## Work item
Determine the count of lines in the following entries that contain the string "patients". Write only the number.

## Exercise data

########################################

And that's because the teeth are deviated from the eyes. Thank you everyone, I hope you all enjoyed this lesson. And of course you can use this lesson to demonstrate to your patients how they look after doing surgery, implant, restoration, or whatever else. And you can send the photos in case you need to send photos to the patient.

########################################

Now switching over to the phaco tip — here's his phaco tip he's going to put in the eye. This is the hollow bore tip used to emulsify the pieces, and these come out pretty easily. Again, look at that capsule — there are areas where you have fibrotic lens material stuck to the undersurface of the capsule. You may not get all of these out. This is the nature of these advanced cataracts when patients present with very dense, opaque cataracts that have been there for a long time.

########################################

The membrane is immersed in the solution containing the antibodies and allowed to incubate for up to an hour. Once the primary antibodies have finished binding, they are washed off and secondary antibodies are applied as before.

########################################

## Response to the exercise
2